Quand on parle d’œuvre de commande ou de licence, malgré les efforts fait ses derniers temps, (je pense à Villainous ou au récent Star Wars deck building), j’ai toujours la crainte d’un sous Monopoly pondu par une boîte de comm’ qui n’y connaît rien, ou d’un jeu qui, se voulant tellement tout public, reste trop vague. On est loin de ce genre de raté avec ce titre. Le jeu est un tout à part entière, historique et ludique, concocté par des professionnels. Le fait qu’un organisme, lié à la Métropole lyonnaise soit partie prenante, ne fait que renforcer le thème et le décor plutôt que l’étouffer. L’amusement, le ludique prime et le pédagogique ne s’impose pas, il reste à votre disposition si vous avez envie de creuser. Libre à vous.

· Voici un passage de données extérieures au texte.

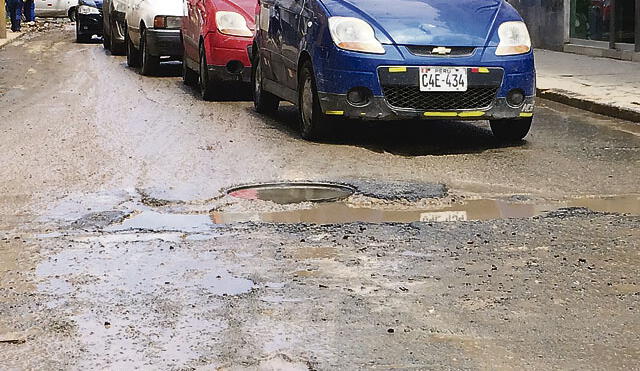 Transportistas pierden 350 mil soles por deterioro de calles tras lluvias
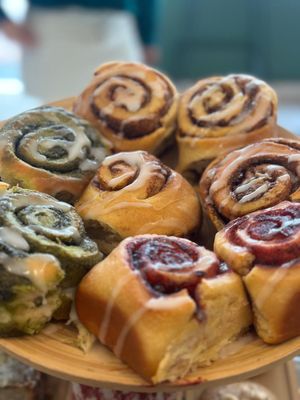 Vegan Rolls (cinnamon, Matcha, Red Fruits) at Mälis in Biarritz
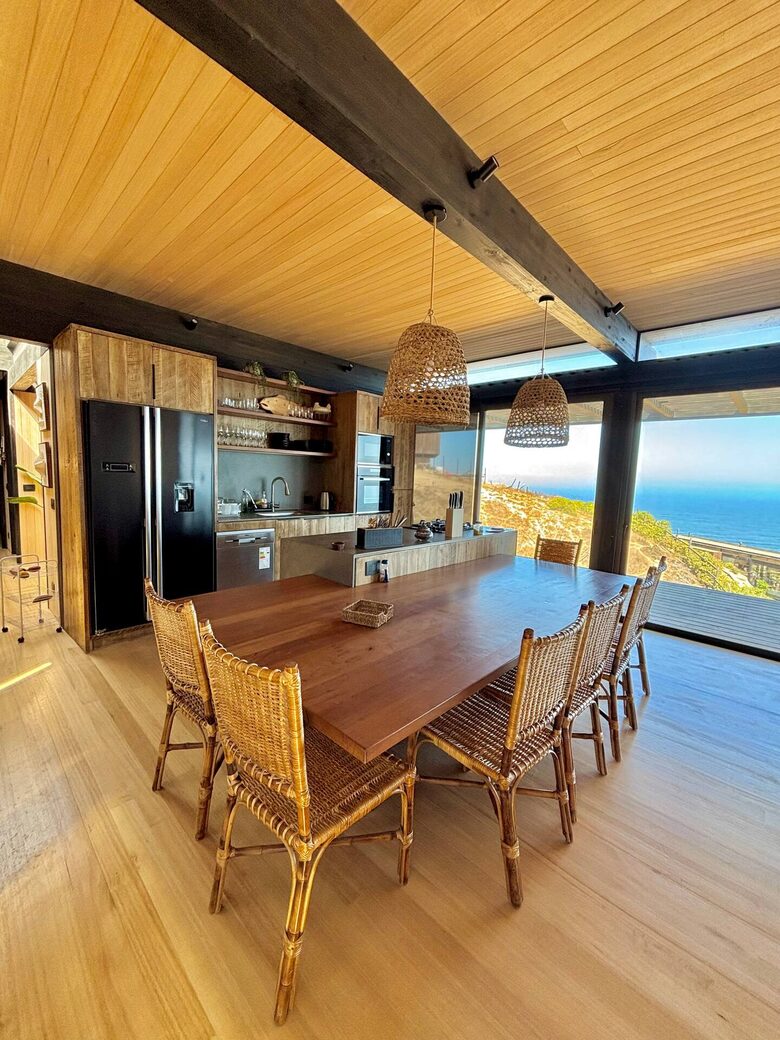 Harmonious Triangle House with Ocean Views in Matanzas - Navidad, Chile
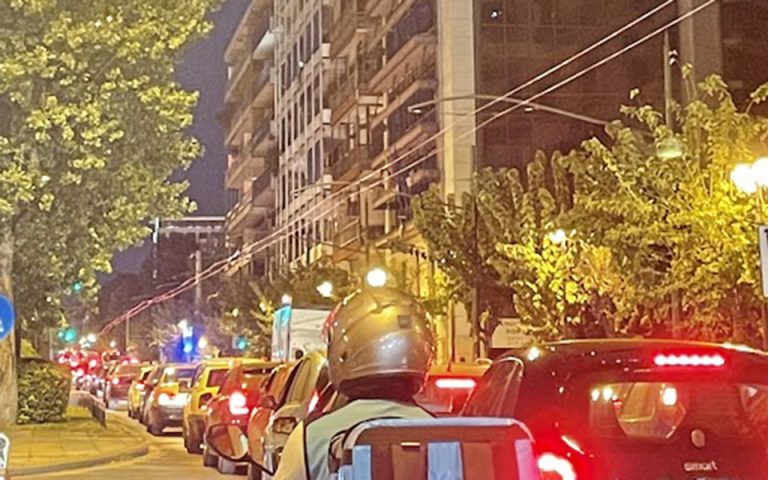Κίνηση στους δρόμους: «Στο κόκκινο» το κέντρο της Αθήνας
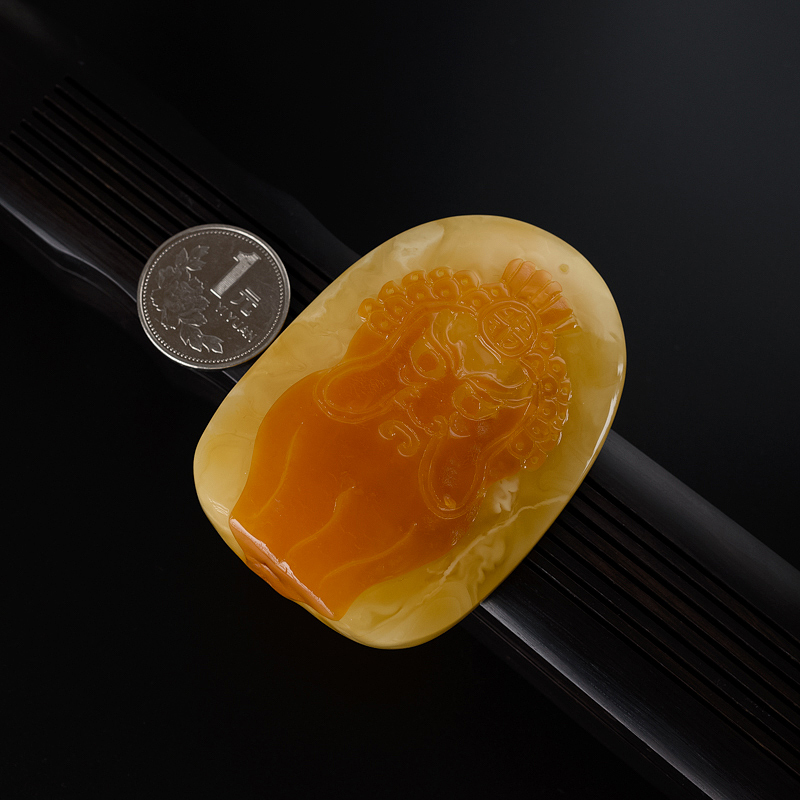 天然鸡油黄蜜蜡吊坠-红掌柜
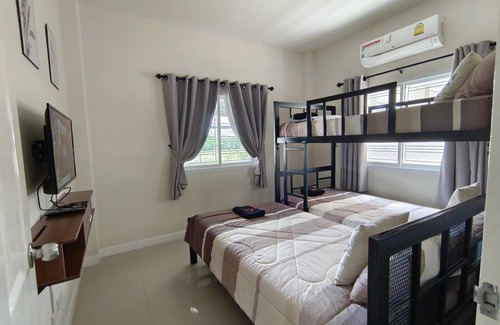 Bang Sare Villa | 250 m² Villa ∙ 3 bedrooms ∙ 10 guests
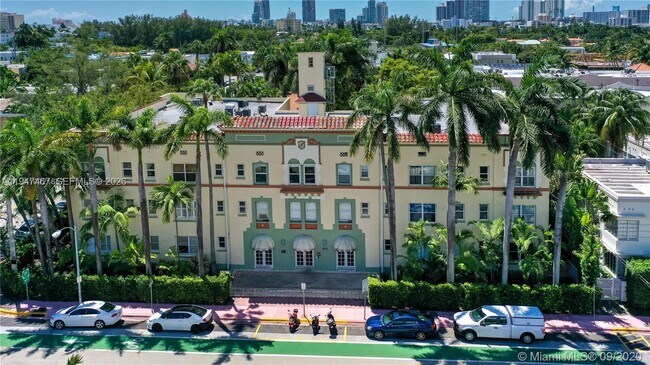 Foto del edificio - 900 16th St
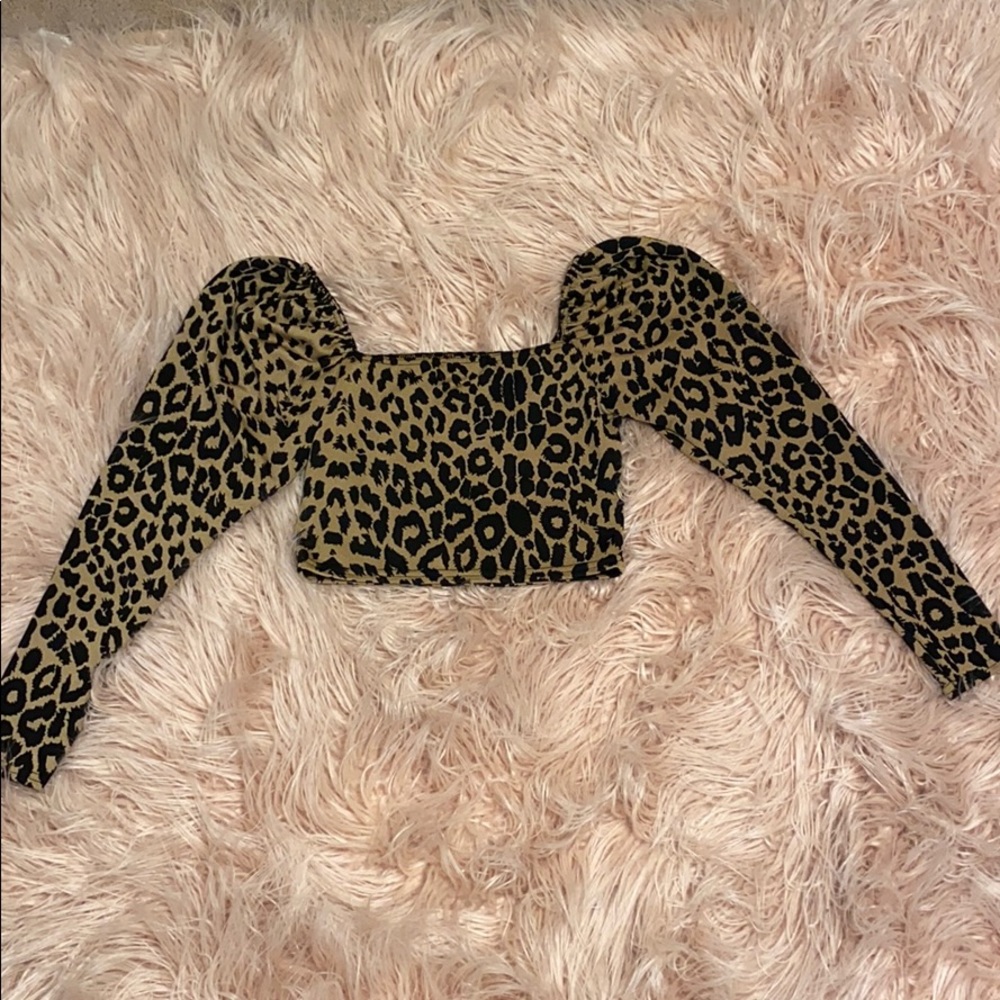 Puff Sleeve Crop Top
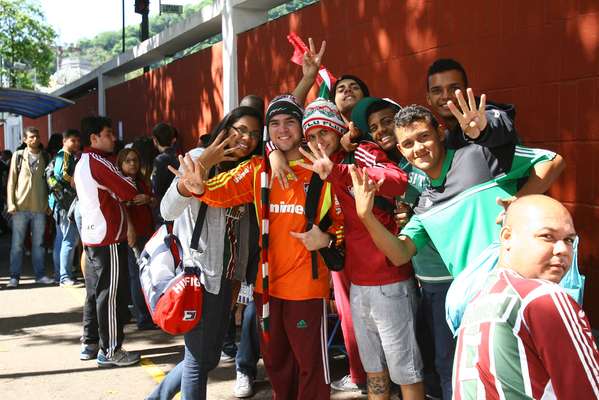 O Engenhão terá lotação máxima neste domingo, já que a torcida do Fluminense esgotou todos os ingressos para a partida que marcará a entrega da taça de campeão brasileiro ao clube nesta quinta-feira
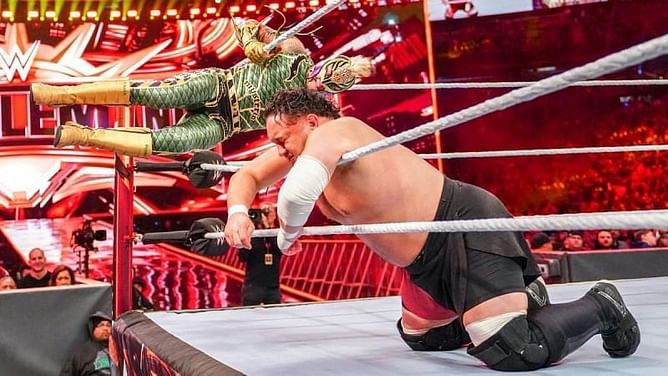 WWE Hall of Famer reveals reason for traditional reaction to Rey Mysterio’s finisher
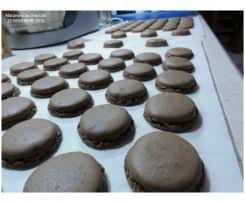 Macarons Au Chocolat Variante Simplifiee Recette Macaron Chocolat Macaron Patisseries Sucrees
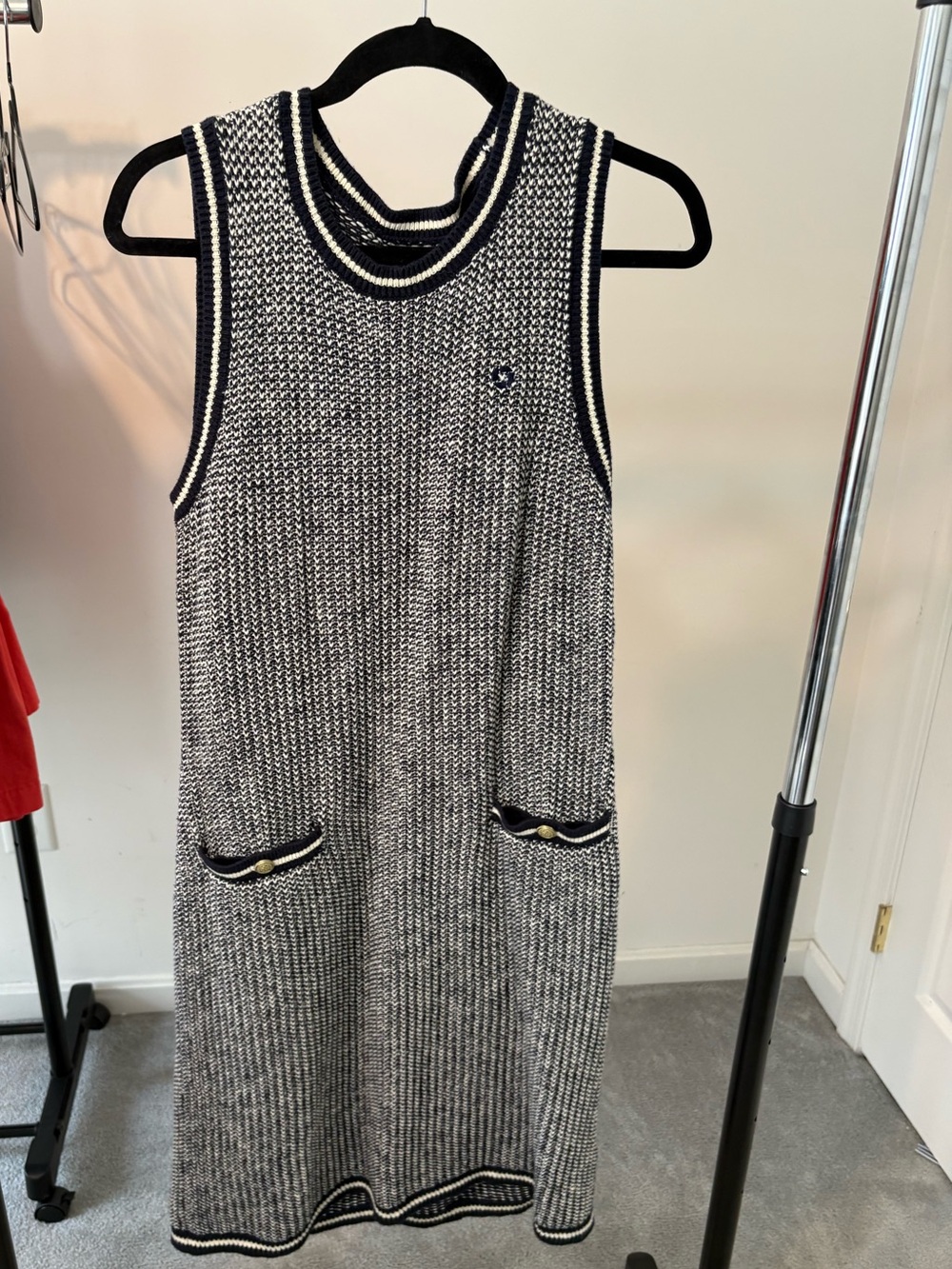 Lands' End Black & White Sleeveless Knit Midi Shift Dress - Chase Bank - Small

Niveau jeu, le deckbuilding est accessible pour des joueurs initiés. On ne pourra pas nettoyer son paquet phase 1, mais en posant ses cartes pour activer le pouvoir de l’Empereur, on pourra se débarrasser des certains éléments gênants un peu plus tard. Une fois encore, nul besoin d’être un expert pour se frotter à cet exercice demandant d’acheter des cartes aux logos qui s’additionnent afin de valider un résultat. Simple. On imagine pourtant assez mal une famille non joueuse, achetant la boite après visite du musée, se lancer dans une partie avec facilité. Même si les règles sont claires, ce n’est pas évident lorsqu’on n’a pas un minimum d’expérience. Il faudra un peu d’aide et quelques efforts.

 

La simplicité des combats. Deux jetons S contre un jeton P

 

Le jeu mélange chance (acheter une carte qui donne 3 sous au tour 1 par exemple), mais nécessite une vision globale de ce qu’on veut faire, anticiper ses activations d’Empereur alors que nous ne sommes que Dignitaire, et surtout choisir son moment pour retourner sa veste son plateau et passer au niveau supérieur. Généralement, cette action force les autres à faire de même. On pourrait se dire que l’on va continuer à se préparer, à se renforcer pour contre-attaquer avec une puissance imparable plus tard, mais ça ne marche pas comme ça. Sans être une course de vitesse, le fait de devenir Empereur débloque des pouvoirs et accélère le jeu, la course aux objectifs étant lancée, tout comme les invasions des villes qu’il faut freiner, il ne faut pas être à la traîne. Si l’on veut être concurrentiel, il ne faut pas laisser l’autre s’implanter trop profondément en lui laissant des territoires ou lui laisser gagner trop d’influences au risque de ne plus pouvoir le dépasser. Il y a un moment où les hommes d’actions doivent prendre le pas sur les diplomates.

 

Et tout cela en partant avec peu

 

Le jeu propose des parties rapides pour 2 à 5 joueurs, la meilleure configuration étant 3 ou 4 joueurs. On peut, après quelques essais, terminer en moins de 30 minutes. Avec ses visuels soignés, son fond historique présent mais pas appuyé et ses mécaniques de petite gestion, d’anticipation,  d’opportunisme par rapport aux sorties de cartes, L’année des 5 Empereurs est une bonne surprise à tout point de vue. Voilà un jeu que l’on peut sortir facilement avec un public un peu habitué. Les experts ne rechigneront pas non plus à se laisser aller à ce deckbuilding. Le matériel manque en général d’épaisseur, je vous conseille, pour une fois, d’investir dans des protèges cartes. Pour le reste, il n’y a rien à redire tant ce jeu est bien calibré pour offrir un divertissement qui touche une large cible. Que vous habitiez Alexandrie, Lugdunum ou Rome.